El mayor deseo de Marta ha sido siempre ser mamá, lo que no se esperaba la creadora de contenido es que su parto fuera una de las experiencias más dolorosas por las que ha pasado. La expareja de Diego Matamoros ha contado con todo lujo de detalles cómo fueron las 24 horas previas a dar a luz. Marta llegó al hospital con 41 semanas y 3 días, a partir de la semana 42 es peligroso continuar con el embarazo por los bebés hacen el meconio que son las primeras heces.
Es por este motivo por el que tuvieron que inducirle el parto. “A las 20:30 me pusieron el propes, una especie de tampón impregnado con el medicamento. Teóricamente tienes que estar 12 horas, yo a las 3h me lo quité porque me estaba haciendo mucho efecto”, ha comenzado relatando.
A partir de este momento, la influencer asegura que no dejó de sentir dolor en las siguientes 24 horas. “Tengo bastante tolerancia al dolor pero estaba sintiendo mucho dolor muy seguido, no paraba”, ha contado con sinceridad.
La razón por la que el momento de expulsión se retrasó tanto es porque tenía mucho líquido amniótico, mucho más de lo normal. Esto provocó que Julieta estuviera muy cómoda dentro y no quisiera salir. Marta cuenta que desde que le quitaron la primera medicación, pensaba que iba a dormir plácidamente y que al día siguiente llegaría el momento de la expulsión. De hecho le dijo a sus padres que se marcharan a descansar.
Sin embargo, la realidad fue muy distinta. Las horas comenzaron a pasar y ella sentía tanto dolor que era imposible dormir. “Llevaba muchos horas sin comer, sin dormir, con mucho dolor y nervios”, ha continuado diciendo. Tuvieron que ponerle dos veces la epidural porque la primera no le hizo efecto y tras muchos horas, por fin llegó el momento de empujar.

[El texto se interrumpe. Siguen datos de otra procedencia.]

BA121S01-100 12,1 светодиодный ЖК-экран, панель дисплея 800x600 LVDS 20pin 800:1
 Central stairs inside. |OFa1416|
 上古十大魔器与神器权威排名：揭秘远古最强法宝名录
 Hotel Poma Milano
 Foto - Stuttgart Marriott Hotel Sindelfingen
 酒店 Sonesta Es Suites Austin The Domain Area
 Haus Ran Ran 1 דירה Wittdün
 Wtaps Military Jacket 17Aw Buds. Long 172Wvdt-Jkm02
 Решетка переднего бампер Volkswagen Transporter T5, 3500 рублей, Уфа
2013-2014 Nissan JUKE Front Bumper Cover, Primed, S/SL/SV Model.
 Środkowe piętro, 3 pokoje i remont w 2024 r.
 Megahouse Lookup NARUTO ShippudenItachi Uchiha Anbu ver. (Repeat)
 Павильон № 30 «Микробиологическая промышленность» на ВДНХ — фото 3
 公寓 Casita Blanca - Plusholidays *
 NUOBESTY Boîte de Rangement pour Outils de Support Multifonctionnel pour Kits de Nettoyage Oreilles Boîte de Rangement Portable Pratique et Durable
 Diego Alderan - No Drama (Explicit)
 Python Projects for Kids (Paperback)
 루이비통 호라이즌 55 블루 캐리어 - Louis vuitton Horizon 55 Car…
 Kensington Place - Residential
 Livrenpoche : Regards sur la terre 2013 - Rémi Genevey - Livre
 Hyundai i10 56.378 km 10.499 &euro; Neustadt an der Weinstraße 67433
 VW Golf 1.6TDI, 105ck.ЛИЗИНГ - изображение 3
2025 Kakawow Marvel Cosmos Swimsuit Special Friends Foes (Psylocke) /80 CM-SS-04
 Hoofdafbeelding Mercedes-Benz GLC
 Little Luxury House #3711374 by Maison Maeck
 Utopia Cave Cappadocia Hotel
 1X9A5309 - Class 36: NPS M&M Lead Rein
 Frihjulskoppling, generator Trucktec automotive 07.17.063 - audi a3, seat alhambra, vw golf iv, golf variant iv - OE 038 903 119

“Yo pensaba que serían 4 pujos y ya, fueron 4 horas de expulsivo, no sabéis la cantidad de veces que lloré”, ha dicho visiblemente emocionada. Fueron 4 horas horribles que ella misma describe como “el peor momento de mi vida” y aunque sabía que cuando tuviera a Julieta todo pasaría, lo pasó extremadamente mal.
Tras varios intentos de expulsión, Marta le pidió a sus padres que la dejaran sola. Lo influencer reconoce que tal vez con una pareja hubiera sido diferente pero en ese momento no podía dejar que sus padres la vieran en ese estado. “Hubo un momento que perdí el conocimiento, ahí empecé a llorar muchísimo y a ponerme muy muy nerviosa”, continuando diciendo.
En este momento, Marta pierde toda la fuerza y la esperanza. Según sus palabras, entró en una “especie de trance” en el que no sentía ninguna parte de su cuerpo. Se le olvidó cómo empujar, no escuchaba a los médicos de su alrededor y no podía ni articular palabra. En este momento es cuando Marta pide la ventosa pues no le quedan fuerzas para los últimos pujos.
Por fin, después de 24 horas, la influencer pudo abrazar a su pequeña. Aunque la pesadilla se transformó rápidamente en el mejor día de su vida, todavía quedaba trabajo por hacer pues su útero se había dañado tras el trabajo de parto. “Pedí que me sedaran porque estaba notando como me cosían el útero”, ha dicho con honestidad.

Marta se despertó de la sedación con su pequeña encima y olvidó todo lo malo que había pasado. A pesar de la crudeza del relato, la influencer termina el video con unas emotivas palabras dirigidas a su hija: “Desde ese momento no me he separado de ella, no se que hacía antes de ser madre, es lla razón de mi existencia”.